Wer zumutbare Arbeit wiederholt ablehnt, muss außerdem damit rechnen, dass seine Leistungen auf Null gekürzt werden – eine Knallhart-Ansage an die wenigen Menschen, die das Bürgergeld ausnutzen wollen. Offen ist allerdings, wie eine solche Kürzung unter das Existenzminimum rechtsicher umgesetzt werden soll. Nach einem Urteil der Verfassungsrichter aus dem Jahr 2019 sind Kürzungen von mehr als 30 Prozent des Regelbedarfs in der Praxis nicht mehr möglich.

Im Wahlkampf hatte die Union immer wieder auf Einsparpotentiale beim Bürgergeld hingewiesen. Wie viel die nun geplanten Verschärfungen am Ende im Haushalt sparen, ist noch offen. Doch feststeht, dass Union und SPD in einigen anderen Bereichen nicht unbedingt auf Konsolidierung zu setzen scheinen: Neben der Mütterrente und einer Prämie für die E-Mobilität findet sich in dem Papier auch eine Senkung der Mehrwertsteuer in der Gastronomie und ein (wenn auch schwammig formuliertes) Bekenntnis zu 15 Euro Mindestlohn.

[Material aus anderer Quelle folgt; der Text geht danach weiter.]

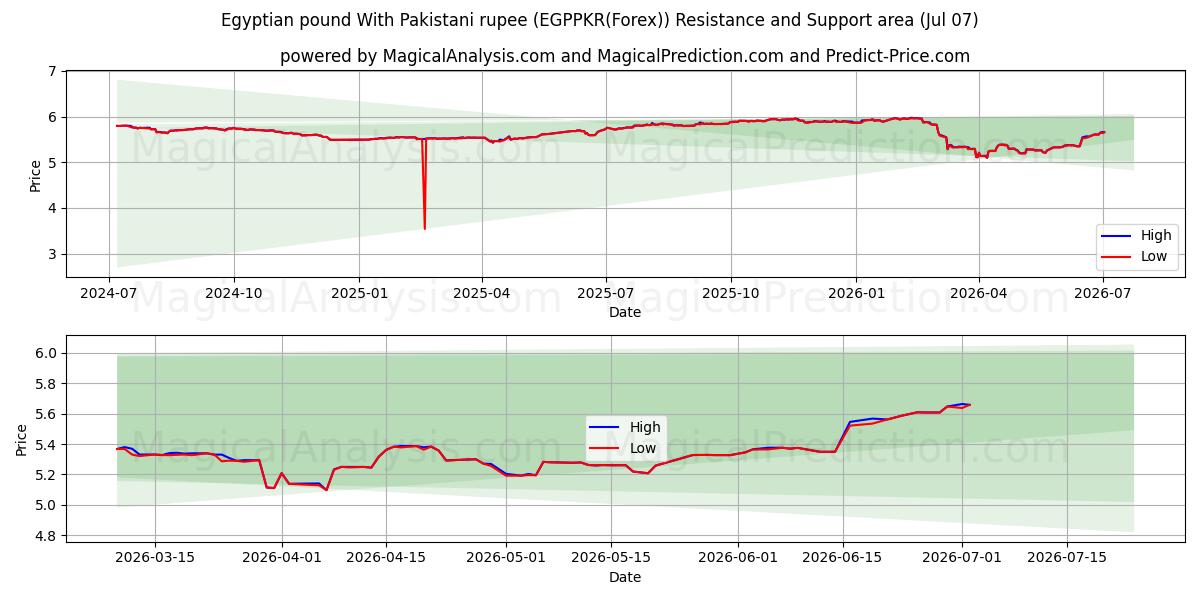  Egyptisch pond met Pakistaanse roepie (EGPPKR(Forex)) Support and Resistance area (06 Jul) 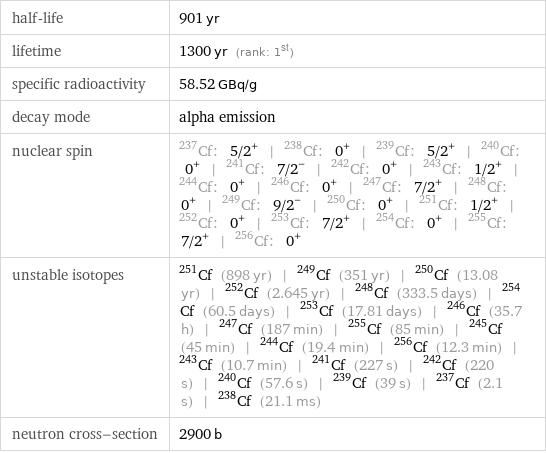 half-life | 901 yr lifetime | 1300 yr (rank: 1st) specific radioactivity | 58.52 GBq/g decay mode | alpha emission nuclear spin | Cf-237: 5/2^+ | Cf-238: 0^+ | Cf-239: 5/2^+ | Cf-240: 0^+ | Cf-241: 7/2^- | Cf-242: 0^+ | Cf-243: 1/2^+ | Cf-244: 0^+ | Cf-246: 0^+ | Cf-247: 7/2^+ | Cf-248: 0^+ | Cf-249: 9/2^- | Cf-250: 0^+ | Cf-251: 1/2^+ | Cf-252: 0^+ | Cf-253: 7/2^+ | Cf-254: 0^+ | Cf-255: 7/2^+ | Cf-256: 0^+ unstable isotopes | Cf-251 (898 yr) | Cf-249 (351 yr) | Cf-250 (13.08 yr) | Cf-252 (2.645 yr) | Cf-248 (333.5 days) | Cf-254 (60.5 days) | Cf-253 (17.81 days) | Cf-246 (35.7 h) | Cf-247 (187 min) | Cf-255 (85 min) | Cf-245 (45 min) | Cf-244 (19.4 min) | Cf-256 (12.3 min) | Cf-243 (10.7 min) | Cf-241 (227 s) | Cf-242 (220 s) | Cf-240 (57.6 s) | Cf-239 (39 s) | Cf-237 (2.1 s) | Cf-238 (21.1 ms) neutron cross-section | 2900 b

Migrationswende, aber light

Auch in der Migrationspolitik kündigen Union und SPD deutliche Verschärfungen an. "Wir werden vom ersten Tag unserer gemeinsamen Regierung die Grenzkontrollen massiv ausbauen", sagt CDU-Chef Friedrich Merz. Außerdem wollen Union und SPD den Familiennachzug für subsidiär Schutzberechtigte aussetzen, die Bundespolizei soll die Kompetenz bekommen, Ausreisepflichtige in Haft zu nehmen, und im Aufenthaltsgesetz soll wieder das Ziel der "Begrenzung" verankert werden.

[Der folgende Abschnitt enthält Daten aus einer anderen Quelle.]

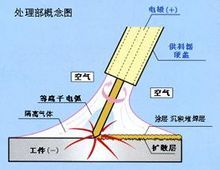 冷焊机_360百科
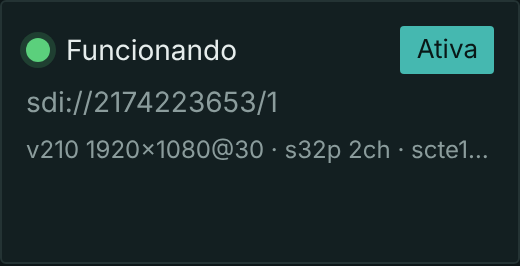 O estado de uma fonte SDI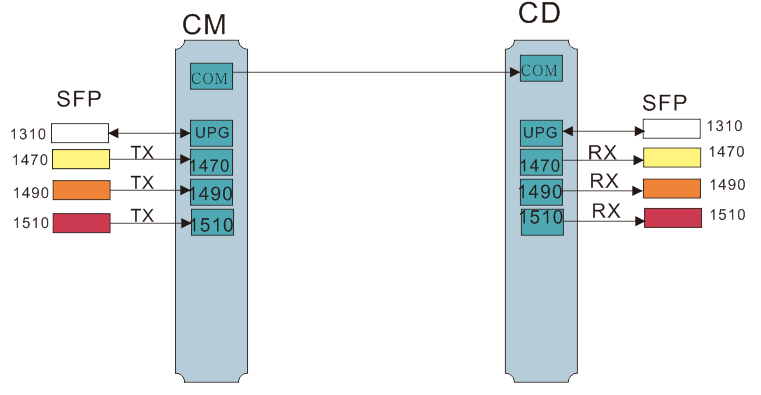 HDMI/DVI/VGA多路是否可以通过一根光纤来传输(图2)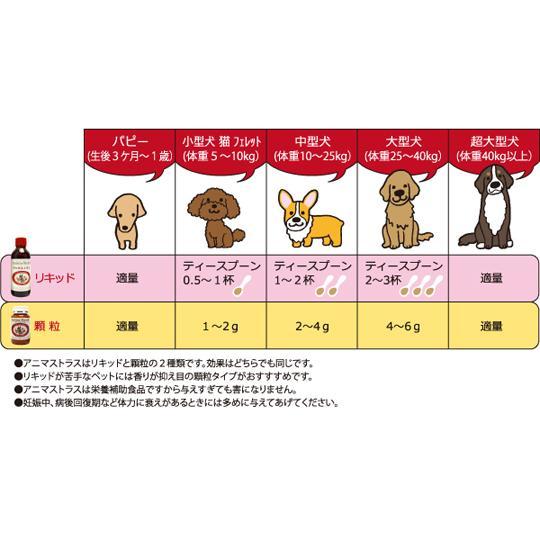 これが本物酵素! アニマストラス 液状250ml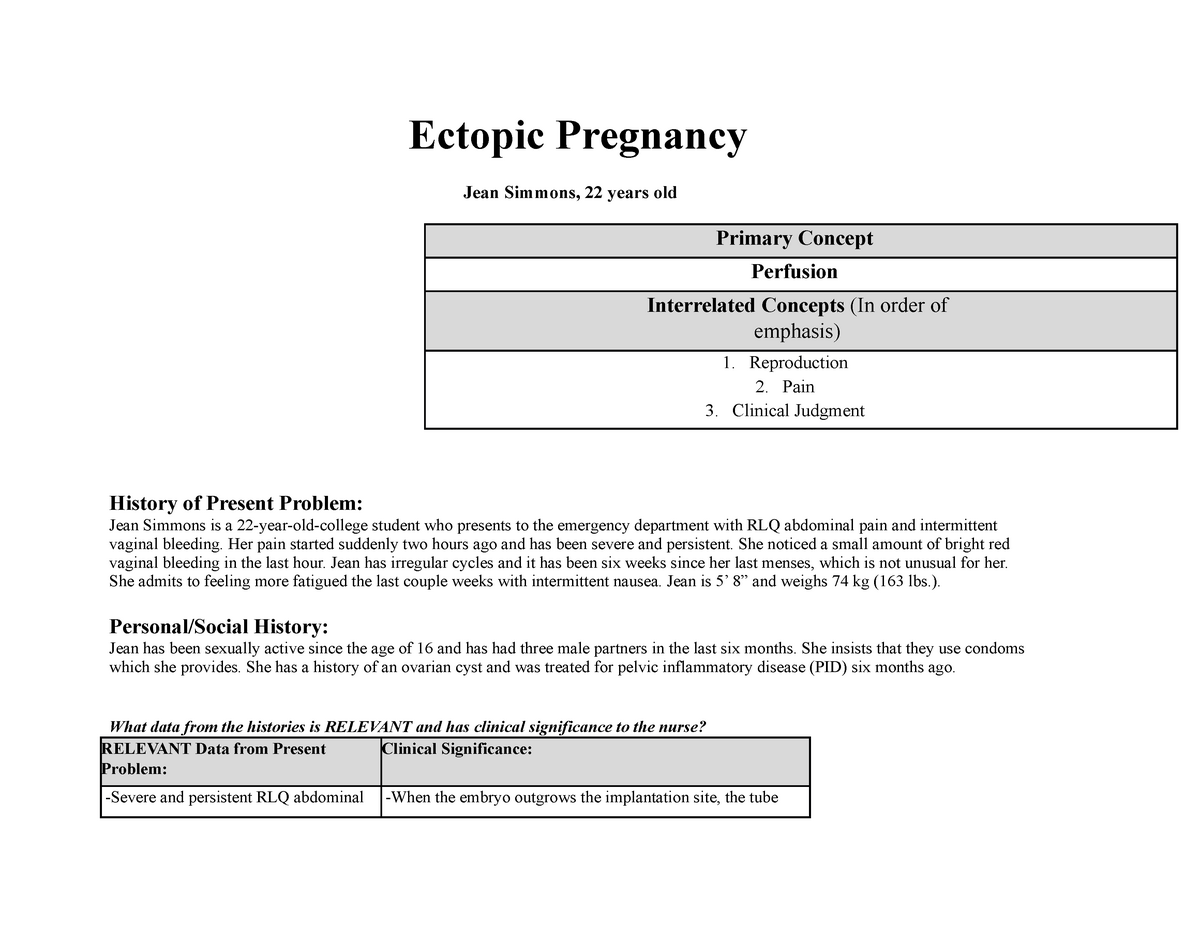 ectopic pregnancy case study scribd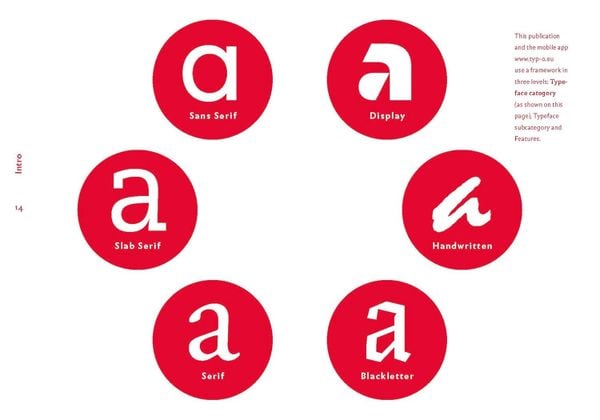 The quick classification guide for typography: A handbook for designers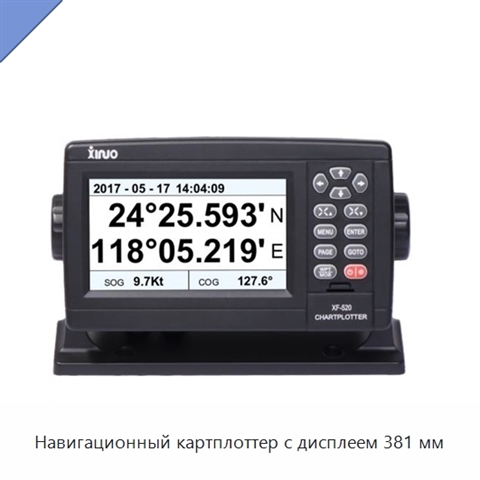 Навигационный картплоттер с дисплеем 381 мм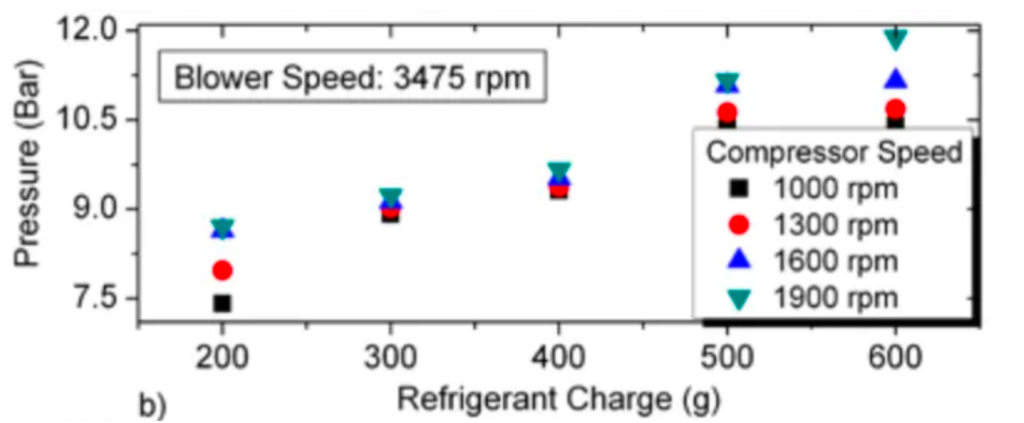 effect of AC compressor speed on the discharge pressure of refrigerant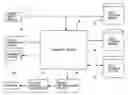 Fig. 01 - Music selecting apparatus and method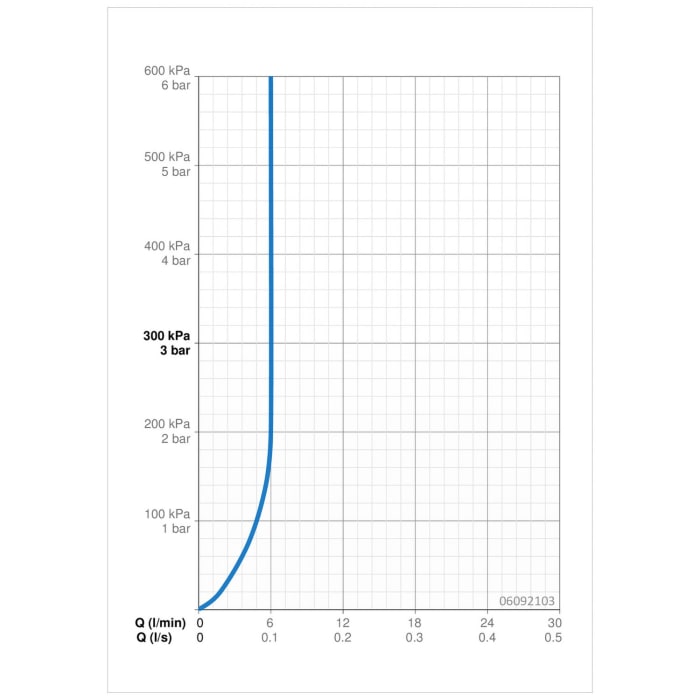 Hansa HANSALIGNA Waschtisch-Einhandbatterie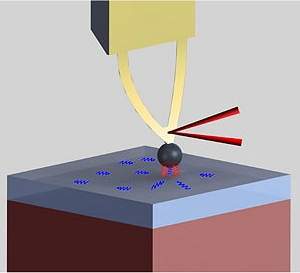 Na distncia certa, nanotecnologia fica fora da lei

Die von der Union angekündigten Zurückweisungen an der Grenze finden sich zwar ebenfalls in den gemeinsamen Plänen, allerdings mit einem wichtigen Zusatz: Die Zurückweisung solle in "Abstimmung mit unseren europäischen Nachbarn" erfolgen. Das aber dürften die Nachbarländer nicht unbedingt akzeptieren wollen – wie eine solche Abstimmung also aussehen soll, dürfte sich erst in der Praxis zeigen. Der Knallhart-Plan, den Merz vor der Wahl ankündigte, ist das nicht. Auch an der von der Ampel eingeführten vereinfachten Einbürgerungspolitik will man nun, anders als von der Union zuvor gefordert, doch festhalten: "Wir halten an der Reform des Staatsbürgerschaftsrechts fest", heißt es im Papier. 

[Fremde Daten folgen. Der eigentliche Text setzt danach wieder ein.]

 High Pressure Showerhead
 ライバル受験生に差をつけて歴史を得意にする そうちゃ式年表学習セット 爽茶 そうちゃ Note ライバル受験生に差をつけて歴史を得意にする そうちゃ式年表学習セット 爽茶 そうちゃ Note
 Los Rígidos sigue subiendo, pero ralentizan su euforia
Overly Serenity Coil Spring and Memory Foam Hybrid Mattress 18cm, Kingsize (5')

Den wichtigsten Knackpunkt haben Union und SPD nicht allein in der Hand

Dafür, dass ihre Regierung überhaupt eine Chance auf Gelingen hat, sind Union und SPD allerdings auf andere angewiesen. Bereits am Dienstag hatten die beiden Parteien ein milliardenschweres Schuldenpaket angekündigt: ein Sondervermögen für Infrastruktur in Höhe von 500 Milliarden Euro und eine Ausnahme von der Schuldenbremse für Verteidigungsausgaben. Nur mit der Möglichkeit für mehr Schulden wird sich eine sinnvolle Regierungspolitik für die kommenden Jahre formulieren lassen. Allerdings braucht es für diese Änderungen des Grundgesetzes eine Zweidrittelmehrheit: Damit sind Union und SPD nicht nur auf die Zustimmung der Grünen und eine Mehrheit in der Länderkammer angewiesen, sondern auch darauf, dass das Verfassungsgericht am Ende keinen Strich durch die Rechnung macht.